基本的にはリラクゼーション(要するに力を抜いて神経の働きや状態を落ち着けると精神的心理的にも落ち着いてくる)と、力を適度にうまく入れることの両方が必要ですが、緊張症の人はどちらも上手くないのです。

こうした訓練・練習、シミュレーションはいろいろなことにも応用が利くし役立てることができます。

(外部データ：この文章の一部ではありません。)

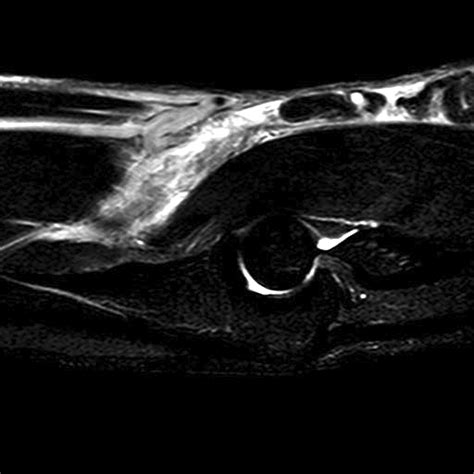 Distal Biceps Tendon Rupture | The Bone School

運動や様々な動作、スポーツ、楽器を弾く、作業など、それぞれに応じた基本的な訓練や練習を行うと良いと思います。

訓練・練習そのものがうまくいかない人もいるし、やっても無駄な努力、余計に自信を無くして落ち込んでしまう人もいるかと思います。

また上手くできるようになって、歯科恐怖症は克服できたとしても、緊張症、神経症の人は他にもさまざまな症状があるはずです。

やはり、リラクゼーションが上手くできるようになるためにも、基本的な治療は必要です。
歯科恐怖症に限らず、緊張症、神経症の克服のためには、やはり根本から改善する治療法と同時に、ストレスの多い難しい環境にも適応できるような心身の技術も身につけるのが良いと思います。